2. The package receptacle chute of claim 1 further comprising at least one hinged attachment means for hingedly attaching the chute to the wall or door.

3. The package receptacle chute of claim 2 wherein the chute is disposed within a garage door.

4. The package receptacle chute of claim 3 wherein the attachment means comprises at least one hinge articulating with at least two hinge plates.

5. The package receptacle chute of claim 1 wherein the front panel includes a face plate.

6. The package receptacle chute of claim 1 wherein the front panel includes a handle to open the chute.

7. The package receptacle chute of claim 1 wherein the obtuse angle is at least 90 degrees.

8. The package receptacle chute of claim 1 wherein the obtuse angle is at least 100 degrees.

9. The package receptacle chute of claim 1 wherein the obtuse angle is at least 120 degrees.

10. The package receptacle chute of claim 1 further comprising a locking means for locking the chute, thereby preventing it from being opened.

11. The package receptacle chute of claim 10 wherein the locking means is comprised of a horizontal locking bar that is slidably received through both side panels, the bar having a length greater than the width of the chute suitable for engaging the structure in which the chute resides to prevent movement.

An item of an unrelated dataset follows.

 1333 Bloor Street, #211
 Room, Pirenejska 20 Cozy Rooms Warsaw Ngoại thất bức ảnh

12. The package receptacle chute of claim 1 wherein the upper edges of the side panels are rounded in a convex radial shape.

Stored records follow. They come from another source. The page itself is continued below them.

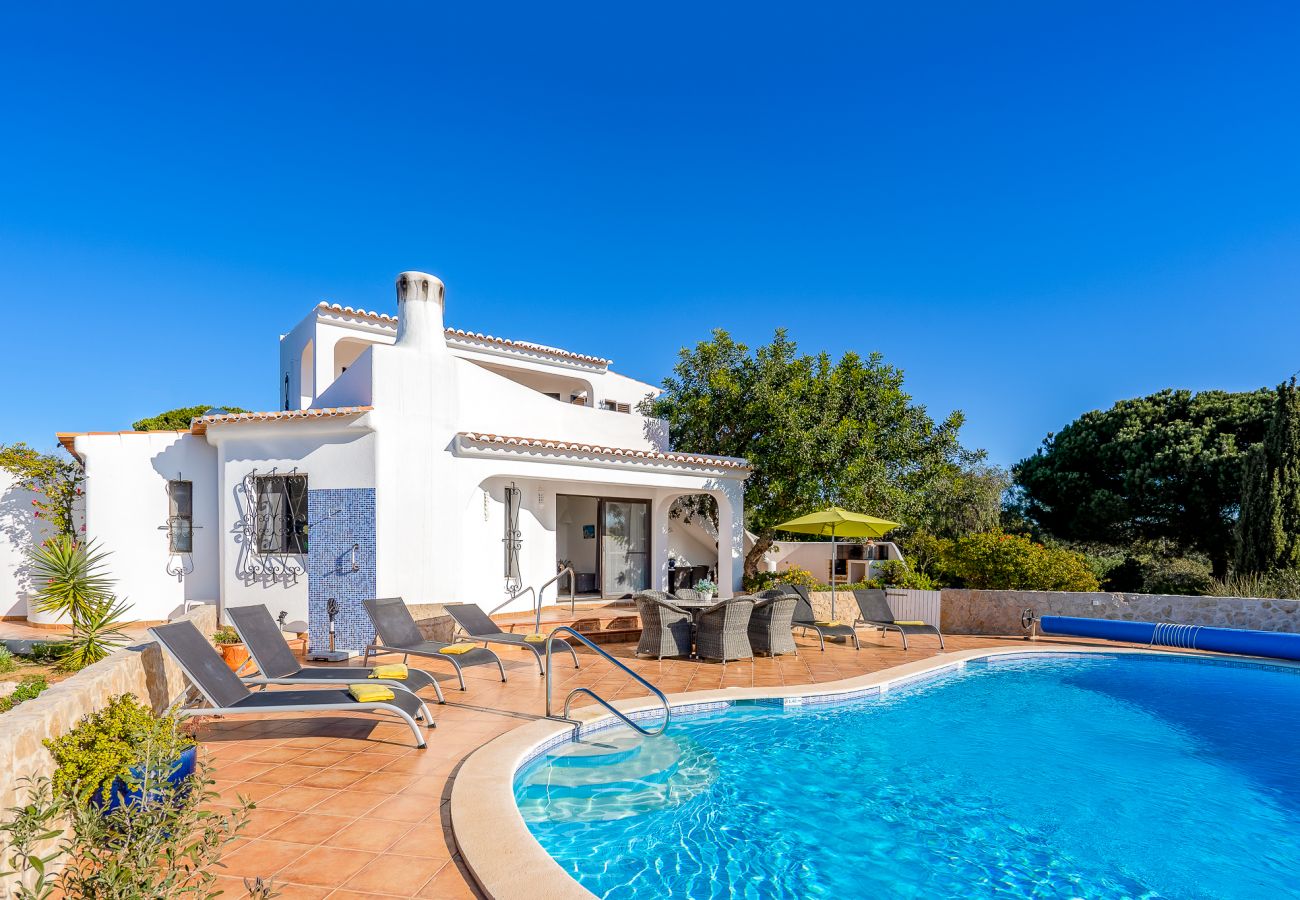 Villa in Carvoeiro - Casa Carob Villa in Carvoeiro - Casa Carob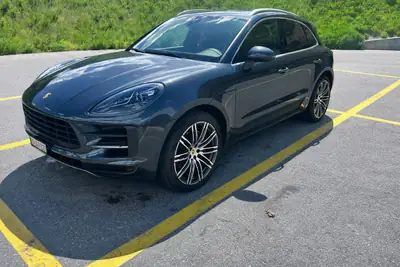 Porsche Macan S PDK — SUV sportif premium, 40'000 km seulement — vue extérieure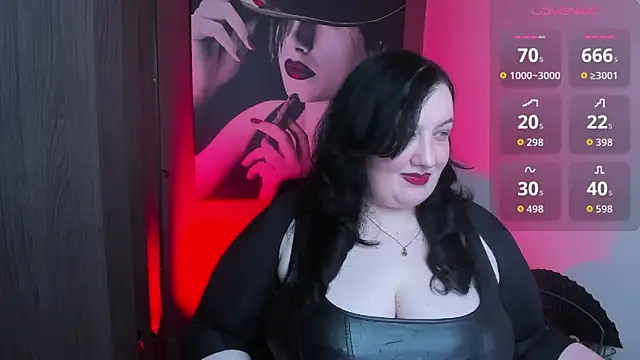צ'אט XXX בשידור חי של QueenOfHaze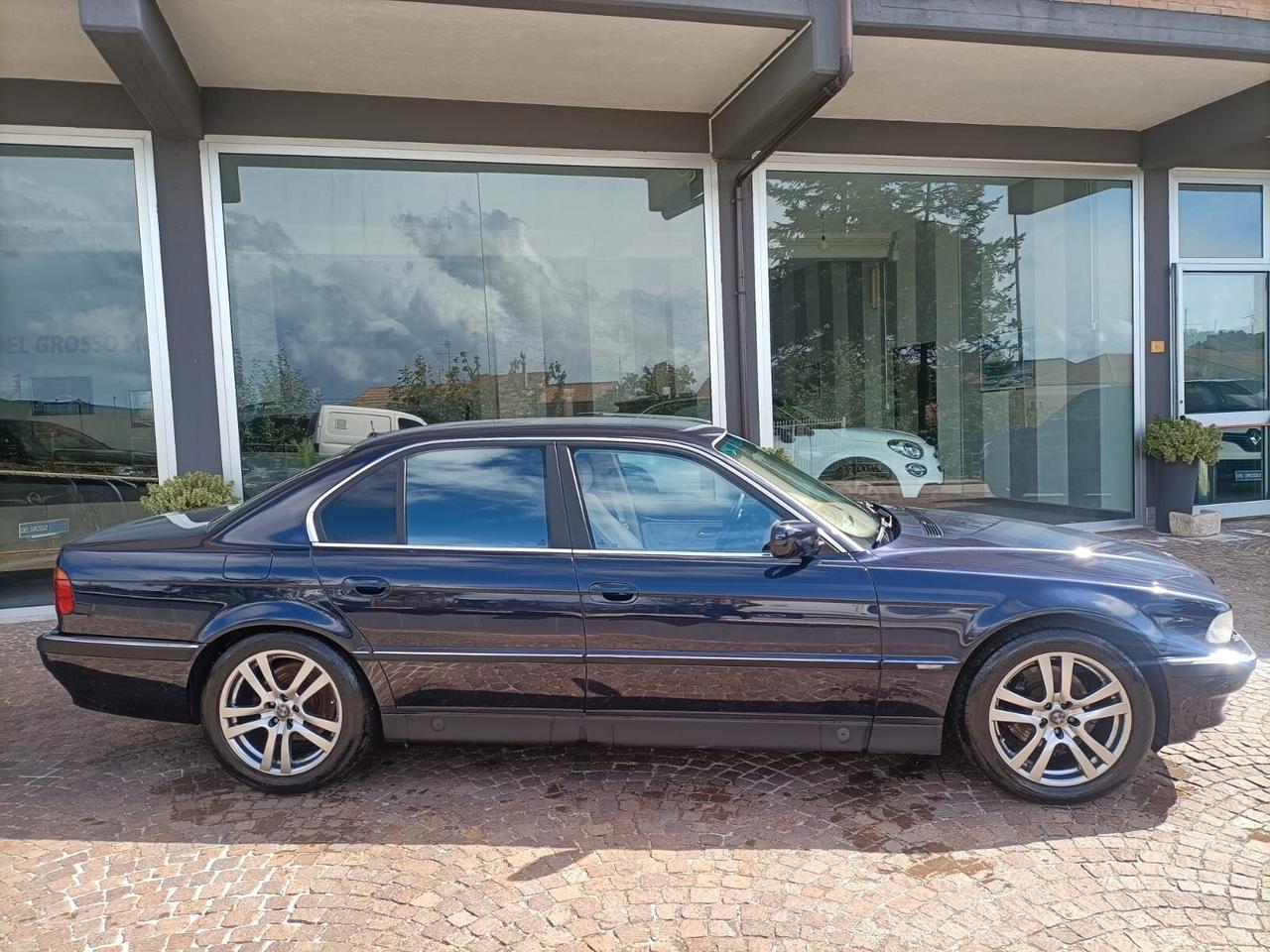 Bmw 735 BLINDATA !!!!!!!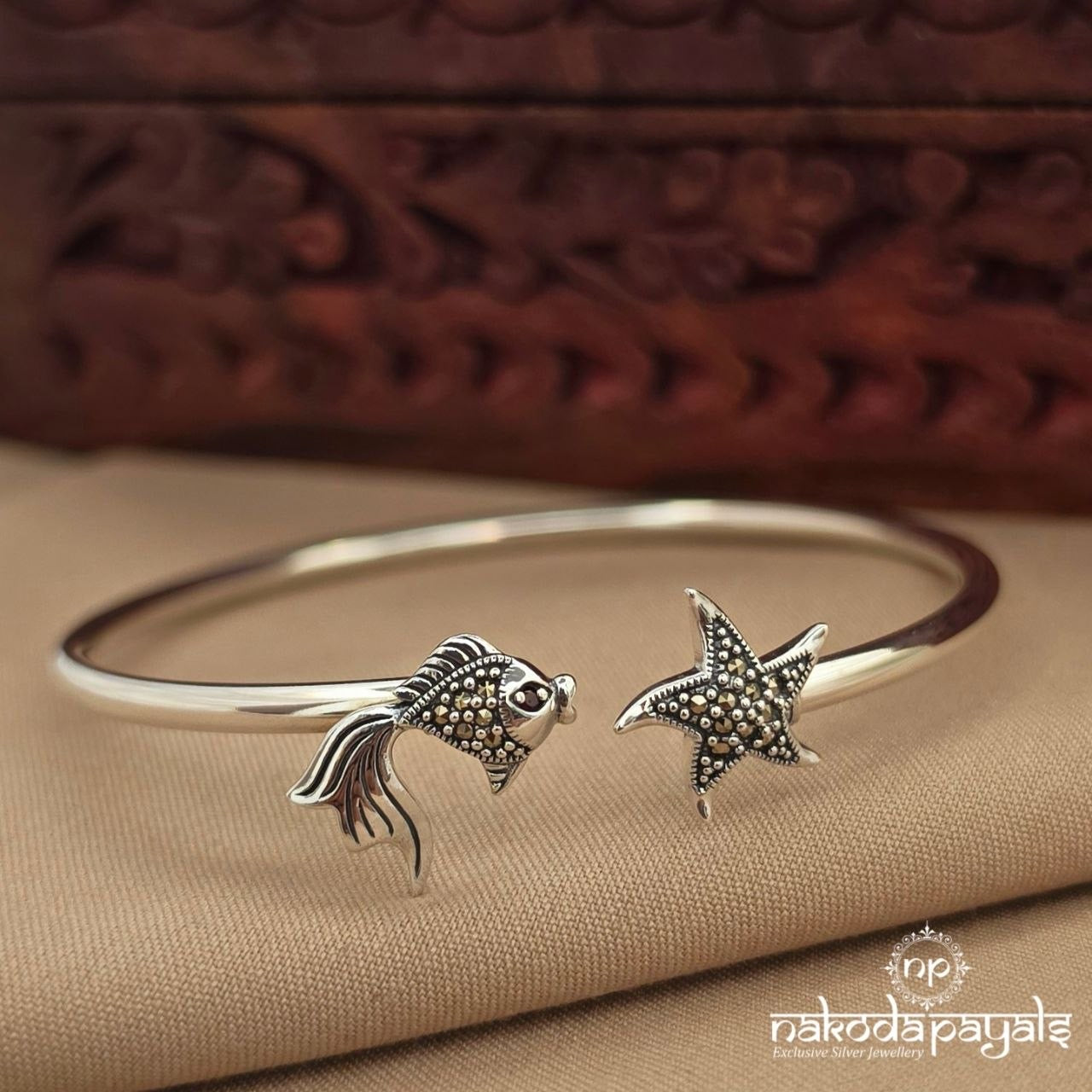 Exclusive Star Fish Adjustable Kada (St4141)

13. A kit for installing a package receptacle chute within a wall or door, the kit comprising: a front panel foldably connected to and extending at an obtuse angle from a floor panel, the front panel and floor panel further connected to one another by two opposing side panels, the panels being configured to form a pivoting package repository for receiving and transferring a package from one side of the wall or door to the other side, wherein each side panel comprises at least two independent sections, the first of such sections being foldably connected to the front panel and the second of such sections being foldably connected to the floor panel, the first and the second sections being affixed to one another to render the resulting side panel substantially planar and contiguous; and at least one hinged attachment means for hingedly attaching the chute to the wall or door.

14. The kit of claim 13 wherein the hinged attachment means comprises at least one hinge articulating with at least two hinge plates.

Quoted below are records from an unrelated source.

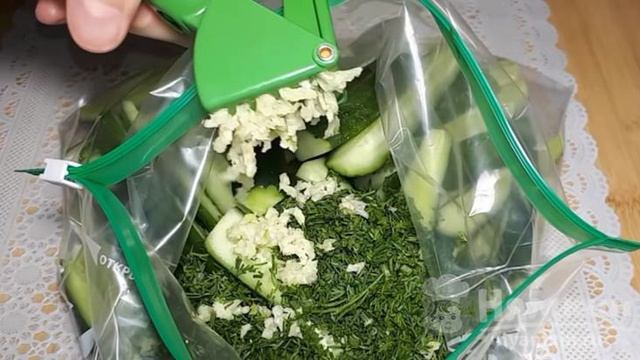 Малосольные огурцы в пакете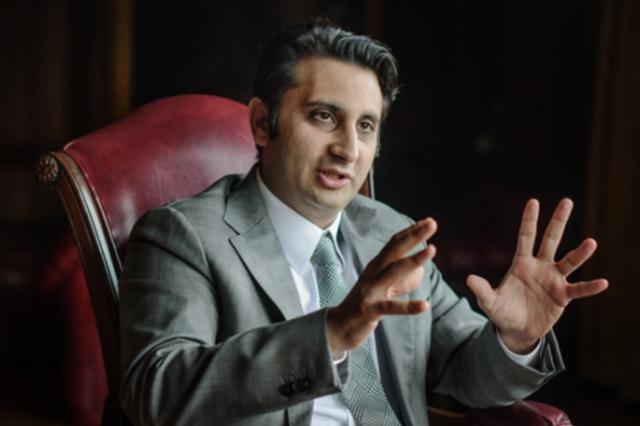 第1眼界 国难当前跑路了？印度疫情奔溃之际，印度最大疫苗厂CEO逃往英国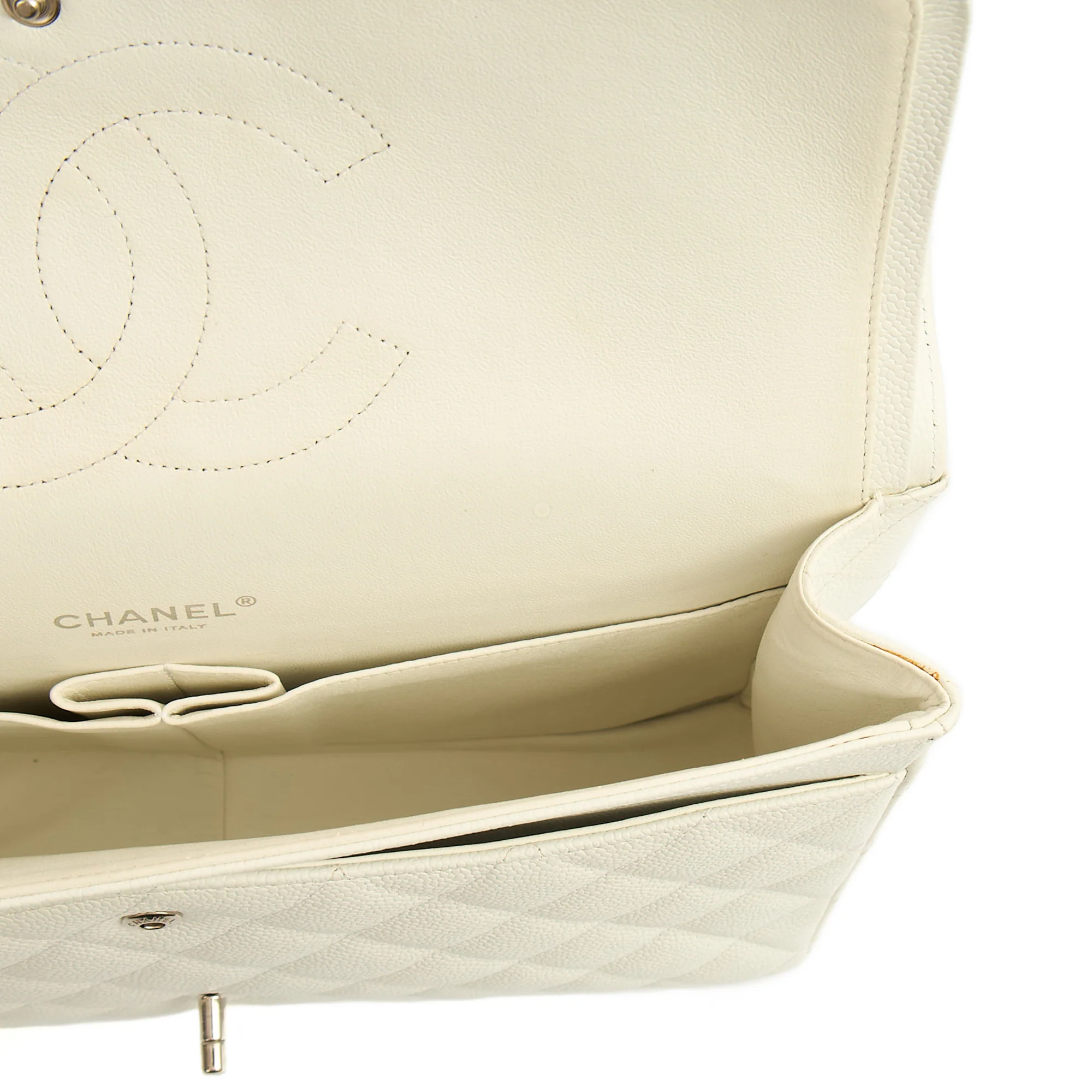 Picture of Chanel Shoulder Bag Classic - Maxi in White, Caviar Leather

15. A method for installing a package receptacle chute within a wall or door, the method comprising: providing a chute having a front panel foldably connected to and extending at an obtuse angle from a floor panel, the front panel and floor panel further connected to one another by two opposing side panels, the panels being configured to form a pivoting package repository for receiving and transferring a package wherein each side panel comprises at least two independent sections, the first of such sections being foldably connected to the front panel and the second of such sections being foldably connected to the floor panel, the first and the second sections being affixed to one another to render the resulting side panel substantially planar and contiguous; providing at least one hinged attachment means for hingedly attaching the chute to the wall or door; removing a section of the door or wall to accommodate the dimensions of the chute; optionally attaching the removed section of the door or wall to the front panel of the chute; and attaching the hinged attachment means to the chute and to the wall or door.
Description



FIELD OF INVENTION

[0001] The invention relates to a device which will allow for the secure delivery and receipt of a package or document sent and delivered through a package delivery or courier service wherein the delivered package or document remains secure and inaccessible until retrieved by the intended recipient of the package or document.

BACKGROUND OF INVENTION

[0002] With the convenience of online shopping comes a growing problem of package theft, wherein packages delivered and dropped at an unsecure location, e.g., outside a business or residence, remain accessible to a third party that is not the intended recipient of the package or document and may steal the package before the intended recipient can retrieve the package or document. In 2016, an estimated $327 billion was spent on online with 23 million consumers being victims of package theft resulting from packages purchased online being left out in plain sight on front porches after being delivered.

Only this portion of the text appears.